>John Welbourn is the Environmental Engineering Manager for

>the Engineering and Environmental Compliance (EEC) of the

>Public Works Department for the City of Mountain View. EEC

>was formed in 1994 principally to ensure regulatory compliance

>throughout the period of landfill closure projects, now

>complete, and thereafter throughout the 30-year post closure

>maintenance period. Mr. Welbourn is a past president of the

>Founding Chapter of the Solid Waste Association of North

>America (SWANA) and was appointed by Governor Wilson to serve

>on the Local Government Technical Advisory Committee, an

>advisory committee to the California Integrated Waste

>Management Board.


>John will describe his role in the landfill activities and

>discuss the new micro turbine project now being designed by

>SCS Engineers. Two new micro turbines are to be installed by

>summer 2003 at the landfill gas flare station and at the sewage

>lift station.

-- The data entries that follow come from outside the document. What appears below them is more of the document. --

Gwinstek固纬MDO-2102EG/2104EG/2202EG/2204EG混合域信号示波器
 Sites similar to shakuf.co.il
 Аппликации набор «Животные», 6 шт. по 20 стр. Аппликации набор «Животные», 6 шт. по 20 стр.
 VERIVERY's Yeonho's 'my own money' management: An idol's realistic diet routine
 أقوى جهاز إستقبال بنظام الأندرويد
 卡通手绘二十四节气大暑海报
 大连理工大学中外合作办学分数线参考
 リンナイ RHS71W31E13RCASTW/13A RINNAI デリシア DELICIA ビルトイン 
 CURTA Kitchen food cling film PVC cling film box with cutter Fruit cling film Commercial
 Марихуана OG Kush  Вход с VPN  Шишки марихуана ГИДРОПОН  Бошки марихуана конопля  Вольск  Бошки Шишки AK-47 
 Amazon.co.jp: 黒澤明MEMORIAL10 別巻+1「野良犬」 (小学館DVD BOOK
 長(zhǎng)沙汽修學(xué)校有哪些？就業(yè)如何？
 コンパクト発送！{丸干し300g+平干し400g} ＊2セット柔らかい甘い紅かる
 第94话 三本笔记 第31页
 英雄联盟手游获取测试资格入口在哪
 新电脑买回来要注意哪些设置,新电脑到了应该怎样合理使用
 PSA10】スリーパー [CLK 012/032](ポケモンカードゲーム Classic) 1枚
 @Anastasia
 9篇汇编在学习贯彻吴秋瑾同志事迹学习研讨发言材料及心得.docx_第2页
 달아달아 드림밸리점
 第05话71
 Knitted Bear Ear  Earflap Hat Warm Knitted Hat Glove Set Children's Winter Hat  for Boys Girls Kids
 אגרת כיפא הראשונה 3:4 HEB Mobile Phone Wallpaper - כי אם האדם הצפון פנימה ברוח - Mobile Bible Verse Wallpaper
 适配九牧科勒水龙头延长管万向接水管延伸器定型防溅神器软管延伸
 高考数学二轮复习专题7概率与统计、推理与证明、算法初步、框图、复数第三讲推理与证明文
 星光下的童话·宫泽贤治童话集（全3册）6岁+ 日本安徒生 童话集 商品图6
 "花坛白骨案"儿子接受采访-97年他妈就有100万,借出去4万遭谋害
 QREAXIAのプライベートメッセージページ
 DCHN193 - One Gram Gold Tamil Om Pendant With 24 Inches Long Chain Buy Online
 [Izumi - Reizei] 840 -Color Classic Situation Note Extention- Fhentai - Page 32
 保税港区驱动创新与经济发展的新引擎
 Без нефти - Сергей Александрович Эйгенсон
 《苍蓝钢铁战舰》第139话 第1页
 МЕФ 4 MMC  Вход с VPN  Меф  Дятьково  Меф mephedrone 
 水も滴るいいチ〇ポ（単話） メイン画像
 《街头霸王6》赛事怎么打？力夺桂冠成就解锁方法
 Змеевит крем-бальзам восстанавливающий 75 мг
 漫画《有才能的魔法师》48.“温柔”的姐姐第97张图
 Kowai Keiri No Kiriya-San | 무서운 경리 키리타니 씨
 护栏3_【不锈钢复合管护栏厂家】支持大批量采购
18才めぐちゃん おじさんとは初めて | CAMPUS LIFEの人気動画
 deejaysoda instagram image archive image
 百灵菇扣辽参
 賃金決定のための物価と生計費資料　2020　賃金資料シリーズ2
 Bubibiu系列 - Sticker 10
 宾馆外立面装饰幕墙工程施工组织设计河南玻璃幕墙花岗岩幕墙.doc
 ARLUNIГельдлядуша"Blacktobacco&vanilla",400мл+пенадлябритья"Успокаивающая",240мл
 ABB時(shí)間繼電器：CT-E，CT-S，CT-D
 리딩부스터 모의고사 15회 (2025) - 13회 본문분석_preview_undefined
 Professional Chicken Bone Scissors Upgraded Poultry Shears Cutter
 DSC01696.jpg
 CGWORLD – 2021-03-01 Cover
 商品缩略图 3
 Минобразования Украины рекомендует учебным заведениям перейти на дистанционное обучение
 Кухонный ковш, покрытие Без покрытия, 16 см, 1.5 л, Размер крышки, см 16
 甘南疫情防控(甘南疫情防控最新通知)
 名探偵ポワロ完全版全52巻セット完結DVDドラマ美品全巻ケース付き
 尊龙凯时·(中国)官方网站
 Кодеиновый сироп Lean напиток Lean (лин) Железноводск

They will utilize landfill gas in the production

>of electricity for use at those facilities located in Shoreline

>at Mountain View.


John Welbourn began his talk by giving us a tour of the Shoreline site, using a mixture of high altitude and ground level pictures. The site of the dump has now been mostly converted into a golf course, windsurfing lake, Shoreline Amphitheater (and parking), and wetlands habitat. There are a few spots reserved for other uses, like the flares where the landfill gas has been burnt since about '92, and the speaker went over those.

For many of the ground level views, John juxtaposed a picture taken in the late 1980s with the current state of the place, so that we could vividly see the changes. Most of the changes have made the place much more esthetically appealing. A few, like moving the access road and paving it have also made it easier for crowds to get out of Shoreline after a Concert. Shoreline is now a nice Regional Park, and many people don't know that it sits on about fifty feet of solid trash and demo waste, most of what the Peninsula (including San Francisco) created during the time it was open.

Welbourn explained that the trash was covered with a layer of clay about one to two feet thick, on top of which is a layer of soil one to two feet thick. The soil gives the plants that add to the appearance of the park a place to root, and it also prevents the clay from drying out and cracking, which would break the seal.

Under the clay is a web of tubing with up to eight inches of vacuum pressure that pulls the gasses generated inside the landfill towards the station where it is currently flared through three burners. Because the landfill is expected to subside ten to fifteen feet before stabilizing, the pipes have hinges and expansion joints to prevent breakage during this process. The gas is mostly carbon dioxide and methane, with some other stuff which is filtered out before it can be burned.

The microturbines look like boxes about seven feet high. They will fit on a concrete slab about ten feet by twenty feet near the current flares. Welbourn explained that until about 1992, they were extracting the methane from the landfill gas and selling it to PG&E as Natural Gas. The problem with this was that the cleaning required to make it market ready was so expensive that the project never made financial sense. However, microturbines are less picky about their fuel, and the power generated is an offset for the power they would have had to buy, making the payback timeframe in the cost analysis 3 to 5 years.

The Microturbines are a small line item among the costs associated with the dump. The City of Mountain View issued $25 Million in bonds to cover the cost of closing the dump, most of which has been spent to make the park what it is now. Ongoing costs from this day forward are about $1.5 million per year. Welbourn expects the facility to be providing enough methane gas to run the Microturbines for more than forty years into the future.